**PROBLEM REQUIREMENTS**
Search the listing below for the line with "NV license plate 93B075", then write out that line and every one after it exactly, without the pictures.

**DATA**
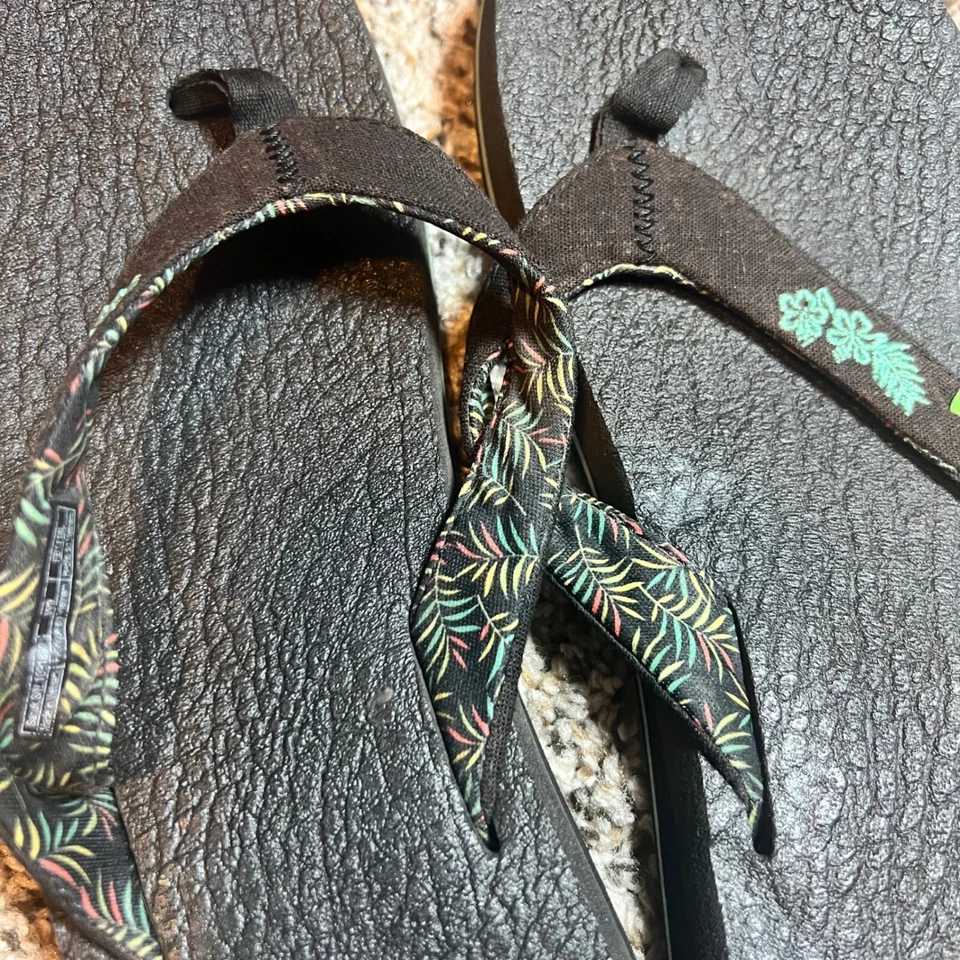 Сандалии-шлепанцы Sanuk Yoga Sling 2 тропические удобные черные женские 9 - Изображение 4 из 4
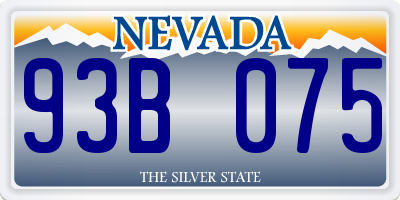 NV license plate 93B075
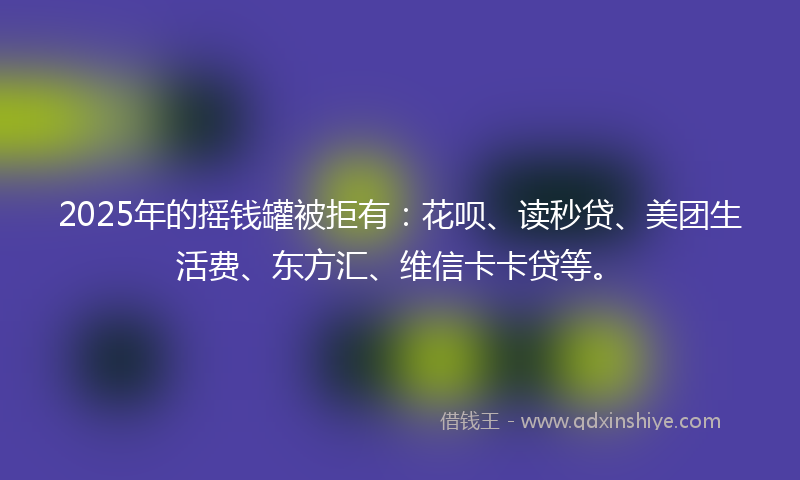 2025年的摇钱罐被拒有：花呗、读秒贷、美团生活费、东方汇、维信卡卡贷等。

**ANSWER TO THIS PROBLEM**
 NV license plate 93B075
 2025年的摇钱罐被拒有：花呗、读秒贷、美团生活费、东方汇、维信卡卡贷等。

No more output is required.